May be I was mistaken and there was a delay in mail receiving so that mails from device#1 arrived at mail client after device#2 was at work again. So I misinterpreted the mails as from device#2.
Anyhow: any idea what is causing this error?
Regards
-
@fsc830 said in Issue with SG-3100 and 22.01?:
Anyhow: any idea what is causing this error?
That looks like what you see if the WAN is changed and it's still trying to monitor the old gateway.
-
Yes, was my first thought that an interface is not working properly, but how can that be? The device was powered on, so in my understanding there cant be an old gateway?
Will boot up the appliance in an isolated network later and check the settings.
In dashboard the WAN interface was reported as good (no packet loss to monitoring gateway).Regards
-
This morning device updated to 22.05.
We will see, if this "frozen" status will appear again in the next weeks...
Hopefully not.Regards
-
Also updated my SG-3100 to 22.05 today. Will find out if issue is resolved in about 3-4 weeks.
-
@pwyde You've got a m.2 sata disk, mine is still runnig at eMMC.
Have the m.2 here, but did not found the time to install them.
But if yours with m.2 and mine with eMMC shows the same freezes, my guess is thats not to an unresponsive disk as suspected.
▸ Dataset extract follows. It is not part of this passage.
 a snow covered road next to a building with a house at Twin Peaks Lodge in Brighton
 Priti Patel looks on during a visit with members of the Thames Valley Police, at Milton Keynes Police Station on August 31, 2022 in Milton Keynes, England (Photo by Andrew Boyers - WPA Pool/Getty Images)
We will see, usually within 3, max. 4 weeks the issue occurred since 22.01.Regards
-
If the storage goes away during runtime you will see a bunch or errors on the console if you're logging that.
-
Logging was enabled all the time, but there is still ... nothing.
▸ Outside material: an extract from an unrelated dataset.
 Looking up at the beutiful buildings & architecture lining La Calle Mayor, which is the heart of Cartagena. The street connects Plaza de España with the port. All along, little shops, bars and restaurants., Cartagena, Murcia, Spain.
When rebooting device every line is recorded again, until next freeze.
I am always logged in and viewing the dashboard in GUI, so a login is also not recorded.
When device freezes, GUI is 404 error(?), and console is still without any error/issue/event.Regards
-
Is it actually 404 because that is a response indicating the web server is still running?
-
Actually I cant remember if it was really 404... .
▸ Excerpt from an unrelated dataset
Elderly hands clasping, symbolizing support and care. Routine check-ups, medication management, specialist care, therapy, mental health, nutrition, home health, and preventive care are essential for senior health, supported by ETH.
But now I have noticed another strange "issue?"...Just looked up the memory use, and noticed a big difference of usage from 22.01 compared to 22.05.
Can someone confirm this behaviour?
In 22.05 memory usage is signifcant higher?
22.01 free abt 80%, 22.05 abt 30%?
And the "inactive" vice versa from 7.5% to 60%?Regards
-
For me it was not 404, but website could not be reached.
I have the exact same memory usage as you, comparing 22.01 and 22.05.
-
Has it been rebooted since the update? The update process itself uses a lot of RAM. That would normally be freed over time or if required. Rebooting it should show similar usage to 22.01.
Steve
-
an EBKAC error ... (Error Between Keyboard And Chair)
Just rebootet:
Regards
-
I am rather sure I found the cause for the issue..
Today it was (nearly) the same, no internet access, no name resolution, but pfSense GUI was still available. That was slighty different. And a running internet stream was still active!?Anyhow, the appliance was rebootet at July 2nd after installing v22.05.
And since then I used the widget for the used disk capacity.
Some months ago (could be shortly after installing 22.01) I used the option "use RAM disks" for /tmp and /var.Since last reboot I noticed, that /var is getting more and more full. I was curious if there is any process which frees up filesystem at a certain level.
No, it wasnt. This morning /var was filled up by 100% (may be 99.99% and thats, why it was slighty different this time).Anyhow, administration via GUI was possible and I disabled the RAM disks.
Now I am curious, what will happen next, in Disk widget there is only / (root) and /var/run visible.
With 22.05 I installed also a m2.ssd with 128gb, my guess is, that this should not run out of space- hopefully.Regards
Edit: nothing seen at console, last entry was a login notification from July 12th, and next is the reboot from today. At least I have had expected some warning about the 100% file system usage.